Material provided
────────

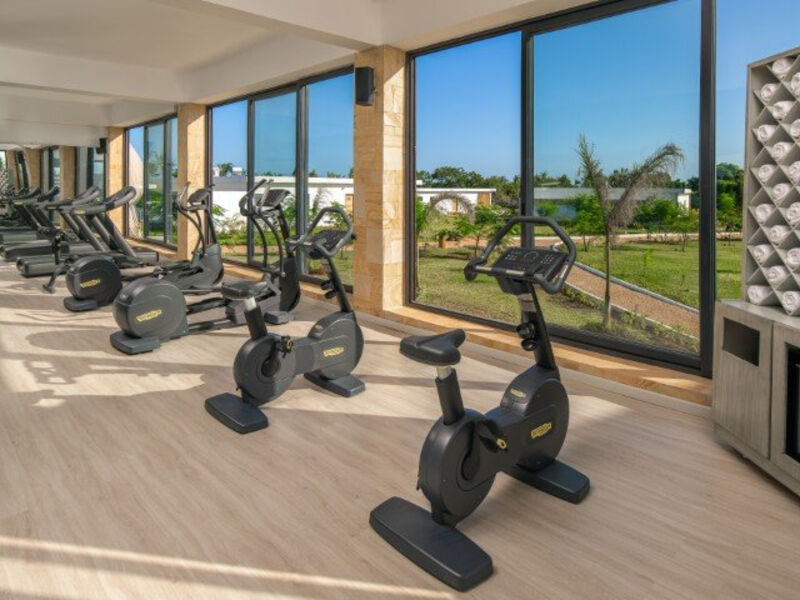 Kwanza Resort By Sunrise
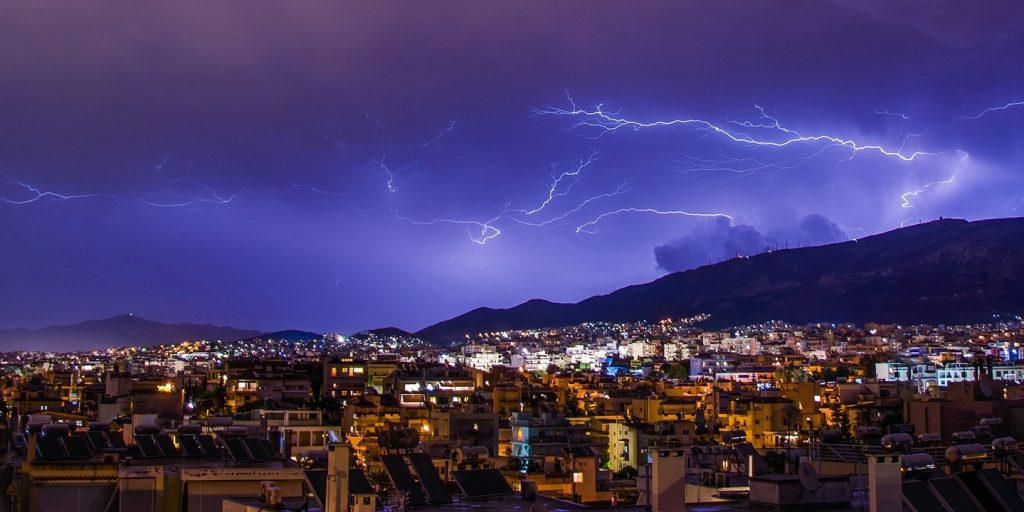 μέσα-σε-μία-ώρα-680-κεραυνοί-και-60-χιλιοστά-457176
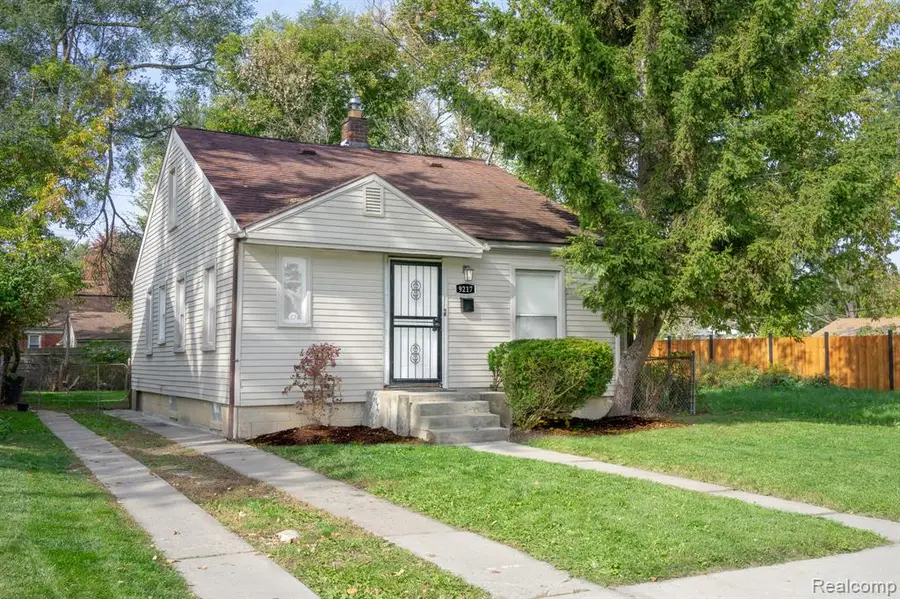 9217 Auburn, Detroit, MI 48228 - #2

────────

Problem to solve
Go through the listing above and retype each line exactly, apart from the pictures.

Response for this exercise
 Kwanza Resort By Sunrise
 μέσα-σε-μία-ώρα-680-κεραυνοί-και-60-χιλιοστά-457176
 9217 Auburn, Detroit, MI 48228 - #2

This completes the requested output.